The trebly, in-the-red production may quickly become exhausting to some ears, but this record will sound punishing out of any stereo imaginable, be it iPod, PA, car, or ham radio. I admire that. While they clearly have one foot in early hardcore, they also make moves similar to purists like Hot Snakes, though they're more uniform in tone, and without the tunes. There are more shifts in dynamics than hooks, and even those take a few spins to really distinguish.
The first four tracks blow past without taking a breath: "Bended Knee" dispenses notes at such a rapid pace, they're barely discernible, collapsing over each other like a cartoon locomotive crash. The consistent frenzy of "Suburnt Mess" still builds a certain tension that fades straightaway into "Runways", where the guitars find a few empty corners to stretch out as singer Jason Mazzola chokes through lyrics where you can make out the words "victims" and "suburbs," but not much more. The uncertain minor chord that ends "Kamikazes" might be the first moment of pause.
We Are lacks a balance between melody and thrash, something to get across more than just the impression of being pummeled, but there's plenty here to suggest the band may find it in the near future. In the record's best moments, there are fleeting moments of stunning musicianship that never get in the way of the perpetually-in-5th-gear rhythms, like the arch ringing notes in the chorus of "Red Hair" that precede a scant few moments of lightning-fast rhythmic guitar picking, while "Walk the Block" adds some fine distractions-- an upper-string riff here, an octave there-- that sound completely epic in the center of a uniformly ugly, spittle-soaked debut.

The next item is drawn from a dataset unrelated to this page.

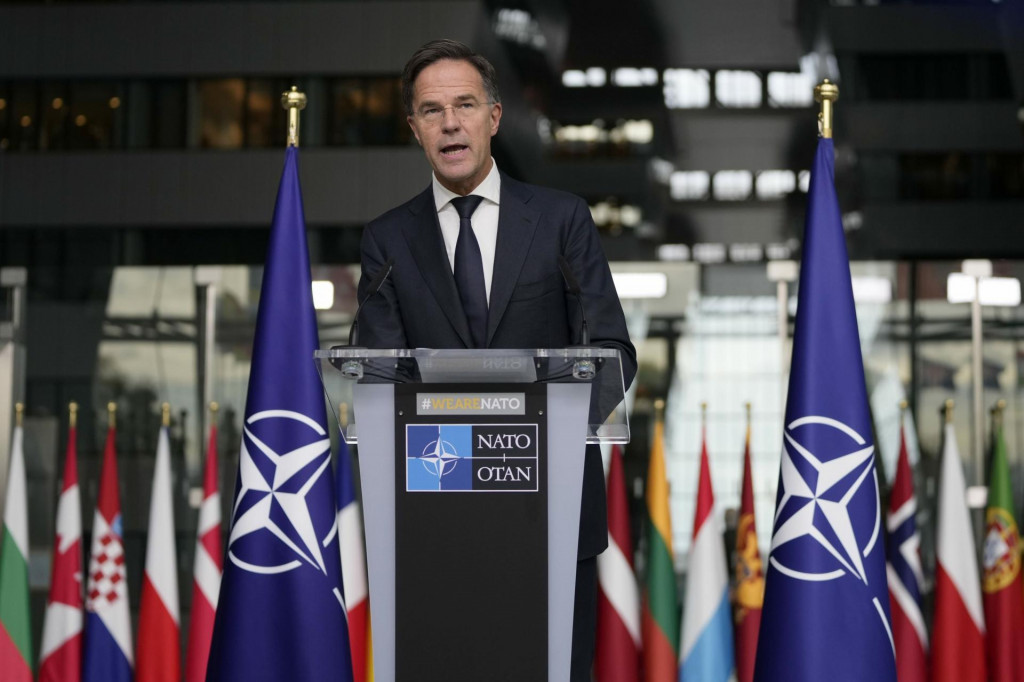 Generálny tajomník NATO Mark Rutte vydal vyhlásenie po stretnutí s juhokórejskou delegáciou. FOTO: TASR/AP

While they cop to influences like Black Flag and D.I., and there's more than a few fist-pump chants over staccato chords in tracks like "Walk the Block" and "J.C. Pays the Bills", Cloak/Dagger aren't strictly punk just because they're comparable in the speed and consistently choked, angst-ridden delivery. You could just as easily call it no-frills rock, dedicated to dirty minimalism and with delivered with a modicum of taste-- really, what more could you ask for?